Once upon a time, every schoolboy had a pocket knife with him at all times. It was a tool, used for carving things out of wood, preparing food, or just playing around with. Of course, times have changed. In a post-9/11, post-Columbine world, no one carries a knife; most schools have a zero-tolerance policy that not only covers pocket knives, but also includes eating utensils. So why would a British judge be advocating for schools to allow boys to bring a knife to school now?
It turns out that Sir Mota Singh is a Sikh and the knife he wants kids to be allowed to bring to school is a Kirpan, one of the five “articles of faith” that Sikhs must have with them at all times. So how do you reconcile this matter of faith with the very practical matter of not allowing kids to bring weapons to school? “There has been no reported case, certainly none that I know of,” Sir Mota told the BBC, “of a Sikh using a knife in order to cause injury.” Of course, that doesn’t mean it couldn’t happen.

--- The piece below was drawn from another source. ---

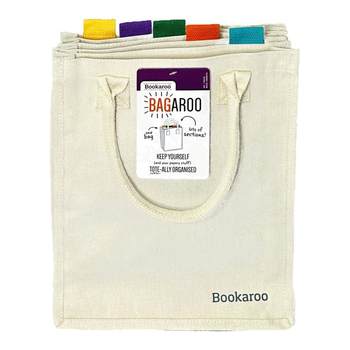 Accordion tote bag canvas bag british if cultural creation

The way I see it, if you want to go to a public school, you have to be prepared to follow the rules enacted for the safety of all. If your beliefs compel you to do something contrary to those rules, then perhaps it is time to find a school more conducive to your beliefs, such as a private, religious school. Sir Mota would agree, I think; he supported the actions of a family that did just that, after their son’s public school refused to let him carry his Kirpan.
Personally, I’d just as soon my kids were able to concentrate on learning rather than having to worry about when some kid was going to grab someone else’s Kirpan and start stabbing people with it. Would you feel comfortable knowing that there were children at your kids’ school who were carrying knives?